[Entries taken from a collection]
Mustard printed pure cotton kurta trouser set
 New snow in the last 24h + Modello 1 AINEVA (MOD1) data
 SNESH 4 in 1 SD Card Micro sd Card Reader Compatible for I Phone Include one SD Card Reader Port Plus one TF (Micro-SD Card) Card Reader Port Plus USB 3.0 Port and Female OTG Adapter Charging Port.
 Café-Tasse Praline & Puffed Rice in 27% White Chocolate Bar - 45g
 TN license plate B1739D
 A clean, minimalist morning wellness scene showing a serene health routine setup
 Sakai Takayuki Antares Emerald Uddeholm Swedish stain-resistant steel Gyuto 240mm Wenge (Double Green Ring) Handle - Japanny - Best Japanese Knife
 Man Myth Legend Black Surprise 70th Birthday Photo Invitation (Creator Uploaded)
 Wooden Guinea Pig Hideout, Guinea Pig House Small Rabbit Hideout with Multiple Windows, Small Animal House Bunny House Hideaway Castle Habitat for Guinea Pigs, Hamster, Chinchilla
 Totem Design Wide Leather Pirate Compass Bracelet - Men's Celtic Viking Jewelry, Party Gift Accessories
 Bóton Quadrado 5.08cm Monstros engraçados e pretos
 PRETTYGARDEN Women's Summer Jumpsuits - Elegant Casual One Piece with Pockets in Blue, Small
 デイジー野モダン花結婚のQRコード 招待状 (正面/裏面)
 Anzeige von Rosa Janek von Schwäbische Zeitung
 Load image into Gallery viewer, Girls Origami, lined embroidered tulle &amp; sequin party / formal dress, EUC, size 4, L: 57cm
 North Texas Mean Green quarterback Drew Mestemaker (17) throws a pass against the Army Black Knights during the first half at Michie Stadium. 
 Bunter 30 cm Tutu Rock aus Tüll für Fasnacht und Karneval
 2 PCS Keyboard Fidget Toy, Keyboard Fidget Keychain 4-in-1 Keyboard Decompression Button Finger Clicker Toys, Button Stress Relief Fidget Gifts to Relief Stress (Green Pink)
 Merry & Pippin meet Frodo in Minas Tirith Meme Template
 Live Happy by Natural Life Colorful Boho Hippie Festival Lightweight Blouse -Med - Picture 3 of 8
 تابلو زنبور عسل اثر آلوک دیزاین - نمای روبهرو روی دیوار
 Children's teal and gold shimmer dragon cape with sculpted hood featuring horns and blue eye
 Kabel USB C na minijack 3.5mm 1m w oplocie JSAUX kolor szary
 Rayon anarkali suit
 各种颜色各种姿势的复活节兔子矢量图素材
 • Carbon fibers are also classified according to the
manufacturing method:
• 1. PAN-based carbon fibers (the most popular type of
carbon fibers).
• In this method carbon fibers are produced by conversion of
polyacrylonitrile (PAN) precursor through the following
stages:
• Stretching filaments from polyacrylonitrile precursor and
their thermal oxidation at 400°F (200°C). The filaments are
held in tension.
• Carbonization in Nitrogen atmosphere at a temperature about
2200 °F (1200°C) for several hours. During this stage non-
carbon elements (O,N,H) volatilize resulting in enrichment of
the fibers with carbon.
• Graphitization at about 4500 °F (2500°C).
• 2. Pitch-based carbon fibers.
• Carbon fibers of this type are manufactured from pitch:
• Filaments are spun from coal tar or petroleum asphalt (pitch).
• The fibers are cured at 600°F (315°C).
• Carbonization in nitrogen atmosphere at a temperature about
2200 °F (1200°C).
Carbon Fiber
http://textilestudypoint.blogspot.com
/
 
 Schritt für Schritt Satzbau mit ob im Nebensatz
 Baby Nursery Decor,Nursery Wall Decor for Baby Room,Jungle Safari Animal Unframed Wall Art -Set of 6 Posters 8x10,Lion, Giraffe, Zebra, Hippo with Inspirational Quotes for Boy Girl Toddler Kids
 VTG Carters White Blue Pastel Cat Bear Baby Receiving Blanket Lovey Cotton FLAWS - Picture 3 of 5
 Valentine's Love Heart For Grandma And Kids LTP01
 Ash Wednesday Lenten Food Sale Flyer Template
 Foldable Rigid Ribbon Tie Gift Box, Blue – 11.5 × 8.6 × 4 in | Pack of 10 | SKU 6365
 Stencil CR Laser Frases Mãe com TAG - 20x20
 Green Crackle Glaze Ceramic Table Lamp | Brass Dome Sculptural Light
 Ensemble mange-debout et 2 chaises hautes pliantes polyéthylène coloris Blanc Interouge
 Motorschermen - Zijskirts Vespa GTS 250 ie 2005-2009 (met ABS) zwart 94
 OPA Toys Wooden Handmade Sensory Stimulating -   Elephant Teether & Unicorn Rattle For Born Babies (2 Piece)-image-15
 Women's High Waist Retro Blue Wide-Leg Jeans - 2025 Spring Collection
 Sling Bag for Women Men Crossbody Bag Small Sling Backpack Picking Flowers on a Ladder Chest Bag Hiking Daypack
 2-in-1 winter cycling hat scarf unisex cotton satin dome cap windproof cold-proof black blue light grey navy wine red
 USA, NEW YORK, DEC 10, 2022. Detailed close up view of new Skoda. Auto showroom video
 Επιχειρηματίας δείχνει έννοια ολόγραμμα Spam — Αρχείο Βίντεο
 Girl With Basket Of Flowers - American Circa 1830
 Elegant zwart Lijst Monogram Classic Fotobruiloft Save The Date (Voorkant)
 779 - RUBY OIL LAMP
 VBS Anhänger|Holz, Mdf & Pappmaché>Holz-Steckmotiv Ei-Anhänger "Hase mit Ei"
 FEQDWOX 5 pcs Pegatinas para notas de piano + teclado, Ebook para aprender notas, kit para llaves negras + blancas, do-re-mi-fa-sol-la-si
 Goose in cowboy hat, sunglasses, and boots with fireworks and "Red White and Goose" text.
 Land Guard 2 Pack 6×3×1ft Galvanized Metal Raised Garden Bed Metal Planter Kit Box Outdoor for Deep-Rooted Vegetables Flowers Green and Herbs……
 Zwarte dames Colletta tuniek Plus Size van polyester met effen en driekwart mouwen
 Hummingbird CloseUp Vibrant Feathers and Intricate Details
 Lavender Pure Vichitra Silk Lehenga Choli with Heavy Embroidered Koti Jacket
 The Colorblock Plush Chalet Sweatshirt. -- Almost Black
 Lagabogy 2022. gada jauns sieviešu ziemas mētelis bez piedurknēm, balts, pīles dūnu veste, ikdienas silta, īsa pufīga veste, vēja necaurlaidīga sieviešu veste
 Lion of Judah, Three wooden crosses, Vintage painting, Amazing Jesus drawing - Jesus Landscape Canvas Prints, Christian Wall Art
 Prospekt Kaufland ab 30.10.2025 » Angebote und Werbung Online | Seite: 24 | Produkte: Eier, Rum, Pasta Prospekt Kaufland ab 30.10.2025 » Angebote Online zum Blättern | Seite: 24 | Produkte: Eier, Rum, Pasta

* _Work item_: Each line from the start of the records through the line holding "Wooden Guinea Pig" must be returned exactly; nothing else belongs in the answer.

* _Solution_:
Mustard printed pure cotton kurta trouser set
 New snow in the last 24h + Modello 1 AINEVA (MOD1) data
 SNESH 4 in 1 SD Card Micro sd Card Reader Compatible for I Phone Include one SD Card Reader Port Plus one TF (Micro-SD Card) Card Reader Port Plus USB 3.0 Port and Female OTG Adapter Charging Port.
 Café-Tasse Praline & Puffed Rice in 27% White Chocolate Bar - 45g
 TN license plate B1739D
 A clean, minimalist morning wellness scene showing a serene health routine setup
 Sakai Takayuki Antares Emerald Uddeholm Swedish stain-resistant steel Gyuto 240mm Wenge (Double Green Ring) Handle - Japanny - Best Japanese Knife
 Man Myth Legend Black Surprise 70th Birthday Photo Invitation (Creator Uploaded)
 Wooden Guinea Pig Hideout, Guinea Pig House Small Rabbit Hideout with Multiple Windows, Small Animal House Bunny House Hideaway Castle Habitat for Guinea Pigs, Hamster, Chinchilla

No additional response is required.